Via les réseaux sociaux ou les radios, les paroisses organisent la retransmission de certaines célébrations. Ces cultes destinés à la diffusion doivent aussi répondre à des consignes restrictives.

La Toussaint via la chaine Youtube de Notre-Dame Laeken
Depuis dix jours à Bruxelles, et depuis lundi dernier en Wallonie, les messes publiques ne sont plus autorisées. Ces mesures restrictives découlent de la volonté d'éviter toute contamination possible entre les participants (célébrants et fidèles de l'assemblée). Si la participation physique aux messes en paroisses n'est plus possible jusqu'au 13 décembre (selon le protocole établi le 29 octobre dernier), de nombreuses célébrations sont diffusées soit via les ondes radio, soit en streaming ou encore par la télévision.
L'exercice de la retransmission s'inscrit lui-même dans un cadre bien déterminé, rappelé par le ministère de la Justice (dont dépendent les cultes). Ces célébrations représentent une exception à l'exercice collectif du culte, et certaines conditions y sont applicables :
- ces cultes destinés à la diffusion "par tous les canaux disponibles" ont lieu uniquement en présence de 10 personnes maximum, en ce compris les personnes en charge dudit enregistrement,
- avec le maintien d'une distance d'1,5 mètre entre chaque personne,
- et "pour autant que le lieu de culte ou de l'assistance morale non confessionnelle reste fermé au public pendant l'enregistrement."

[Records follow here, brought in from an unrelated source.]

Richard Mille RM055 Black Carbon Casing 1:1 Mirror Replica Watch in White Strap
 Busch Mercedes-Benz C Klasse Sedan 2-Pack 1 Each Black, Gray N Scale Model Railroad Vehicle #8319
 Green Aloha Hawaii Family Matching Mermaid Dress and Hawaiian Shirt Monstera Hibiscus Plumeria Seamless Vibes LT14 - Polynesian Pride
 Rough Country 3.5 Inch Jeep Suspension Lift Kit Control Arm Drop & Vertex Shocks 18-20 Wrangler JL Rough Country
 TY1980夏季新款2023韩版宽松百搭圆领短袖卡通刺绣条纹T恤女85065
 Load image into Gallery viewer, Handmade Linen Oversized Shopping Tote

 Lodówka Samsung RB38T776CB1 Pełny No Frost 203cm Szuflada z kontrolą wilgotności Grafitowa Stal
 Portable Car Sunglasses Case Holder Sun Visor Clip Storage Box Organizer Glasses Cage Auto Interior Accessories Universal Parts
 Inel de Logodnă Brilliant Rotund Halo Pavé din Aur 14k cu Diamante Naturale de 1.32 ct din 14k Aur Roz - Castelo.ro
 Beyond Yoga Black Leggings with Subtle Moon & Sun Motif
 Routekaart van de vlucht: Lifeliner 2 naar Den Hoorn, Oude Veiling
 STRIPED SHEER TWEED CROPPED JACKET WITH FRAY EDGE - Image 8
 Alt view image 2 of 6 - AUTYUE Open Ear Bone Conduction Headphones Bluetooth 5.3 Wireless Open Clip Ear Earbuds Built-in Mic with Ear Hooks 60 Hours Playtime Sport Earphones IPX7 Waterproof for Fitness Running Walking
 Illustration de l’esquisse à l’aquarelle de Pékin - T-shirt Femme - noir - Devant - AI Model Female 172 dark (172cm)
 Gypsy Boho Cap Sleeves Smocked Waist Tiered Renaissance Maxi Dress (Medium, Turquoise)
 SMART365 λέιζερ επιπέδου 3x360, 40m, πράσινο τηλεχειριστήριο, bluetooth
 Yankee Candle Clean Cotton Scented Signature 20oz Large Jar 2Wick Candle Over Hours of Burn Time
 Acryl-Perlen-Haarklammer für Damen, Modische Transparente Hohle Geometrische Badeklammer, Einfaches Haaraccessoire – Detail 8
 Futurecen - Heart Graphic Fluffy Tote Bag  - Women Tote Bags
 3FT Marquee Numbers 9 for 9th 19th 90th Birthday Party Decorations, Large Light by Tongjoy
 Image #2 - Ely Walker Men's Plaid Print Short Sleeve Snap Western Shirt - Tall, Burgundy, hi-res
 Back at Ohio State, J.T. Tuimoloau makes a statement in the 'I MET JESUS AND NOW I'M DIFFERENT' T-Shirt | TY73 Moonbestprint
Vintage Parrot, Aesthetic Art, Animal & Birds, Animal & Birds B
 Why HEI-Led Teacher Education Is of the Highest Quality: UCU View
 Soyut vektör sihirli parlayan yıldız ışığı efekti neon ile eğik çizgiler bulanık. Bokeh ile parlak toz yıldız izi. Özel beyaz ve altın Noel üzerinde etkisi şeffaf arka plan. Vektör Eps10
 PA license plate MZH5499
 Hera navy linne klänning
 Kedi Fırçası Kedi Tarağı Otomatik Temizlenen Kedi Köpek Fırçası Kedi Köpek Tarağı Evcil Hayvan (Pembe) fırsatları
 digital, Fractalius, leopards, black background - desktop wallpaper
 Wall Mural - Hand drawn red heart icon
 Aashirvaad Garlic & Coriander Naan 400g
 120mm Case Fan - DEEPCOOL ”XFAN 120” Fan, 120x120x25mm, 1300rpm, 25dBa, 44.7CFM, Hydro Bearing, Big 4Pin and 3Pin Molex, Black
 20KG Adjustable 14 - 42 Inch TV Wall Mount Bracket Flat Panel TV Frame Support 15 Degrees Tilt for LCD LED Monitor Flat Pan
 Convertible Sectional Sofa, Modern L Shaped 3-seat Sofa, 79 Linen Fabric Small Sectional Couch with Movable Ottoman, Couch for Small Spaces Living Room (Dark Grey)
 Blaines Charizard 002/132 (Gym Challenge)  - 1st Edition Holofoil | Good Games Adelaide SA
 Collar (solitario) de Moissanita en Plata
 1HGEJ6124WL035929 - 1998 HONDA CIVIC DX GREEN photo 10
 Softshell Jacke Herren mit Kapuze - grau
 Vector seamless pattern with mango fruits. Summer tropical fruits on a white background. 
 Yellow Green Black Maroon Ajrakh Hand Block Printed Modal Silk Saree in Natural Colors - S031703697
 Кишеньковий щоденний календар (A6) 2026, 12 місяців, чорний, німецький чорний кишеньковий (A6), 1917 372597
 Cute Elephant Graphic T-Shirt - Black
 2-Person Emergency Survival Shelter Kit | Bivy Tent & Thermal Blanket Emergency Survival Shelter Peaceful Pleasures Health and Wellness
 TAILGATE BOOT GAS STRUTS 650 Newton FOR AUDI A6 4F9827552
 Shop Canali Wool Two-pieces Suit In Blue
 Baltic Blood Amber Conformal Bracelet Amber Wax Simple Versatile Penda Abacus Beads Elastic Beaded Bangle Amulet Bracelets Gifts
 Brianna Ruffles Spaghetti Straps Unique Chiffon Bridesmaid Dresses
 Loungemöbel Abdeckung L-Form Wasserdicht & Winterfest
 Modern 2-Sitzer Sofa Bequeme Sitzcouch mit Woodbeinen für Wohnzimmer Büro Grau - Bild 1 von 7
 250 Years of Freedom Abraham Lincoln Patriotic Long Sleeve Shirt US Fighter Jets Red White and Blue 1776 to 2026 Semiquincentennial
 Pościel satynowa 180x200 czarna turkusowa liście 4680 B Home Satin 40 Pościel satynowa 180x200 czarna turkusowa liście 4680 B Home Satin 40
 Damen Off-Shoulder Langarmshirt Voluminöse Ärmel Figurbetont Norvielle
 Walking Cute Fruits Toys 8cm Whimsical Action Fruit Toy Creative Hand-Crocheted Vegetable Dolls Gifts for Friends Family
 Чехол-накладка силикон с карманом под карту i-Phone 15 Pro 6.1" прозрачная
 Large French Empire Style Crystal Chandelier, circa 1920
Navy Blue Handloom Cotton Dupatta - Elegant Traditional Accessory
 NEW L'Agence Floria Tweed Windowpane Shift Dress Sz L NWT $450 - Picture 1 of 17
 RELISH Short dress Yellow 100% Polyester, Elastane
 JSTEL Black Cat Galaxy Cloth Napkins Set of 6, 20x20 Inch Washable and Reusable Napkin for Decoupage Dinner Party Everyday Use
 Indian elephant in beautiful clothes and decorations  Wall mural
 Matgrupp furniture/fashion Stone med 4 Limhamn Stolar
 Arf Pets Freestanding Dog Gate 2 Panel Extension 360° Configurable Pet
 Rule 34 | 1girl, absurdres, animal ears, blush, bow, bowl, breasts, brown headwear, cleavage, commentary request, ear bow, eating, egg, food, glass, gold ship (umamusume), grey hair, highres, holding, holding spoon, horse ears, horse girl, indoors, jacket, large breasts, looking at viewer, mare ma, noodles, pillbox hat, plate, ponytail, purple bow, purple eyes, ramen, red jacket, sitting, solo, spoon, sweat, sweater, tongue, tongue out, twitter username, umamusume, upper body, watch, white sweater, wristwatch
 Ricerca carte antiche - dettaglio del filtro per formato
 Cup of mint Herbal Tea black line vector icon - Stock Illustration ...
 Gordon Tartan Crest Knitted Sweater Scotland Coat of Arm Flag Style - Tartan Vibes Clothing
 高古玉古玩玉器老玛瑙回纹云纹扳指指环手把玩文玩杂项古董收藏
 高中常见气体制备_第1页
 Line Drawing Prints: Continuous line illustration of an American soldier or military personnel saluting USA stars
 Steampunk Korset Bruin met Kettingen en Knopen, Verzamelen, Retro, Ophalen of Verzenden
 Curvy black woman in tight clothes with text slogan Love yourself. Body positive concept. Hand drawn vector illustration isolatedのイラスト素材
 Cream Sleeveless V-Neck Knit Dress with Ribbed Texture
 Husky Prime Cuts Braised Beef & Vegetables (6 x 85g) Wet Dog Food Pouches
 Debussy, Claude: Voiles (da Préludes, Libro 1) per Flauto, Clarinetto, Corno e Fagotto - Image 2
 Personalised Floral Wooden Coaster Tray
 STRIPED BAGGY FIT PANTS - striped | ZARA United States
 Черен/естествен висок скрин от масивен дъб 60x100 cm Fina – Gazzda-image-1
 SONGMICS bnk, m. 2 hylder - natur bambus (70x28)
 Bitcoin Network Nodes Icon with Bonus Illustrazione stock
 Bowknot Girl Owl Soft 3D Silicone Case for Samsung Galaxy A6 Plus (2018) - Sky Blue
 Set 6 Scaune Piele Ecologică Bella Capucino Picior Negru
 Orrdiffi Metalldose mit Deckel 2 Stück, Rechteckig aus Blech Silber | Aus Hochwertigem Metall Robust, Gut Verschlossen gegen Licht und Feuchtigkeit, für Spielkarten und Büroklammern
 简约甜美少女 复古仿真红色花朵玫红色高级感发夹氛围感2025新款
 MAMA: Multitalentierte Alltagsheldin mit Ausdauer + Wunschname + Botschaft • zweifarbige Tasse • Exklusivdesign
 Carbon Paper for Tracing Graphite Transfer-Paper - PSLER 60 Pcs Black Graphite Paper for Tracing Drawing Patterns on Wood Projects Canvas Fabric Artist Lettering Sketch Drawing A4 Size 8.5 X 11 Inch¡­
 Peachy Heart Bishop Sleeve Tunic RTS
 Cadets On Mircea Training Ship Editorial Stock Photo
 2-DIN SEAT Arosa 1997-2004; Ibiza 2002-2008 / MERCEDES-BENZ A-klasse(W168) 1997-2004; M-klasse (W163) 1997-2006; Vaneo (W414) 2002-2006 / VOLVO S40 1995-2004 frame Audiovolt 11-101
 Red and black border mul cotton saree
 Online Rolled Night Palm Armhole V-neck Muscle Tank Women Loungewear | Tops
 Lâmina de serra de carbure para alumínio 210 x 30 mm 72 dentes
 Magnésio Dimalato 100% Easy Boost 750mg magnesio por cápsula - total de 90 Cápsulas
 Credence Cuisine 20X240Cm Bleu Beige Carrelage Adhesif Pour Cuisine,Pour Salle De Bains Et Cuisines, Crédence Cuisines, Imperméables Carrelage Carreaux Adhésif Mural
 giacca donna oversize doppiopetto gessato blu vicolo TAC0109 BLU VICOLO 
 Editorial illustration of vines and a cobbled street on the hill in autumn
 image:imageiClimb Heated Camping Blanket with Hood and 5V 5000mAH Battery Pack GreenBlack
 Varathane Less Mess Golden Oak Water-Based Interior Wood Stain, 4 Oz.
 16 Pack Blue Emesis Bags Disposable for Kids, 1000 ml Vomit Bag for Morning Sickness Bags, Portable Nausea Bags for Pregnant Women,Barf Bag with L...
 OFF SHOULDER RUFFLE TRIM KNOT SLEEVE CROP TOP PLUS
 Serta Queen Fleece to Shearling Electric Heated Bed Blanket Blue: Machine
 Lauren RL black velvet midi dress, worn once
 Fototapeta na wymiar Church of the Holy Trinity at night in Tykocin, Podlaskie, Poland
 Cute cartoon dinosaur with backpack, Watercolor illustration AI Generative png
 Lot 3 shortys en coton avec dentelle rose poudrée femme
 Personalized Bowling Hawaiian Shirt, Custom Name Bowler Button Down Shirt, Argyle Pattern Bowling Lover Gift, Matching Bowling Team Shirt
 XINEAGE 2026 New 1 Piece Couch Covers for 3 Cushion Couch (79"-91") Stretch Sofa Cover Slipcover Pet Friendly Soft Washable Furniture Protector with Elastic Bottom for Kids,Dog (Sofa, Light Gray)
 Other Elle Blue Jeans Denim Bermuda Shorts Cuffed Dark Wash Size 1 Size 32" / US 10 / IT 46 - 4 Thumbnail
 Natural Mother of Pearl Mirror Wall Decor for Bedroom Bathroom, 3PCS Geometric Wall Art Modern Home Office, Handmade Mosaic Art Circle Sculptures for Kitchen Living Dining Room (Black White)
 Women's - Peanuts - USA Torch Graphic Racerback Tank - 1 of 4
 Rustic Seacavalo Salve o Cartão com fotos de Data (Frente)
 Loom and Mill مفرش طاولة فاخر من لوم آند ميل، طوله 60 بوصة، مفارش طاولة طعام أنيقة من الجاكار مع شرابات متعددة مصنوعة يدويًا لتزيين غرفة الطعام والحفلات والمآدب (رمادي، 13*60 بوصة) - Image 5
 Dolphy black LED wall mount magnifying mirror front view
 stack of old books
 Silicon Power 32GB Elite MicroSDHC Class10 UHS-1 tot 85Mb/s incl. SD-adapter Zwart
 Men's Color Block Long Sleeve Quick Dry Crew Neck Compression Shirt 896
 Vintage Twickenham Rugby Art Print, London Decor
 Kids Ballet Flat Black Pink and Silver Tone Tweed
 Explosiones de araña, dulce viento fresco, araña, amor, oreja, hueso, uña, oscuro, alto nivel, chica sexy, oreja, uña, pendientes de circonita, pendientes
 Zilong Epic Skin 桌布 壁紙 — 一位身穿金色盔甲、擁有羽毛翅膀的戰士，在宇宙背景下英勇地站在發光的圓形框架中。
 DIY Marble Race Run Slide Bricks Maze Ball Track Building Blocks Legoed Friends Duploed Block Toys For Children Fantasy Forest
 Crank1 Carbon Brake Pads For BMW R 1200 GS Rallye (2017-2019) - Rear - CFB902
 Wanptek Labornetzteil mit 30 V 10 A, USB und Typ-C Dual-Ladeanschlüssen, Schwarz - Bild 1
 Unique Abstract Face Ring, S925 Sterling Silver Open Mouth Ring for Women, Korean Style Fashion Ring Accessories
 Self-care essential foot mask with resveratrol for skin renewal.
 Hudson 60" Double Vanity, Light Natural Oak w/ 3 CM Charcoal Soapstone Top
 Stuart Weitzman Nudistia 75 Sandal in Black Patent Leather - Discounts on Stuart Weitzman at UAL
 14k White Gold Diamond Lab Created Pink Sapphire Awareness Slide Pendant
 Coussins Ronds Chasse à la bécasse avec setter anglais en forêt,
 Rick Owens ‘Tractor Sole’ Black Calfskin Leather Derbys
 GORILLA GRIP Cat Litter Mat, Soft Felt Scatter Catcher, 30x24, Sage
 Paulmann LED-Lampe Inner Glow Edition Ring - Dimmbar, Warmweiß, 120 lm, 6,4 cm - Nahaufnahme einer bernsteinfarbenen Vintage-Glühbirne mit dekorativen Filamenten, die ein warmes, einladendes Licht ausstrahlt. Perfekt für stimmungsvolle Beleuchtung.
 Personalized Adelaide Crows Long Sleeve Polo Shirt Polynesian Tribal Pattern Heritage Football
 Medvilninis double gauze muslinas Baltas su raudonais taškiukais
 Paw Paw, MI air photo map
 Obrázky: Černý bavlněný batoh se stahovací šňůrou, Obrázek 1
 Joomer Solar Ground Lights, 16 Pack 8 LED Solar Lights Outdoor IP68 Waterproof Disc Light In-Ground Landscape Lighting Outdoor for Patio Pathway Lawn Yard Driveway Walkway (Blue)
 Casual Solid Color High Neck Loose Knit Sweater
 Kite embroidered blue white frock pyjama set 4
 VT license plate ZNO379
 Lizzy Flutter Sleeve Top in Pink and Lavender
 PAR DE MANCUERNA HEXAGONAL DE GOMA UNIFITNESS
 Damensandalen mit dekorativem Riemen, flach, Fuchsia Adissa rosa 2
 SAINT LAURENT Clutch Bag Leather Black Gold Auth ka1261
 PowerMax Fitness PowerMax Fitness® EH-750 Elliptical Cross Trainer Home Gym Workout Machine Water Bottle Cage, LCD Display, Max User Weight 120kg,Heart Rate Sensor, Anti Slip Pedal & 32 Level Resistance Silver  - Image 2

Ces mêmes consignes s'appliquent autant aux messes radio et télédiffusées sur les chaînes de service public, qu'à toute retransmission streaming par les réseaux sociaux. C'est ainsi que l'équipe des commentateurs de la dernière messe eurovision, le 1er novembre, se tenait dans une pièce séparée de l'église, chacun à une distance d'un mètre de l'autre.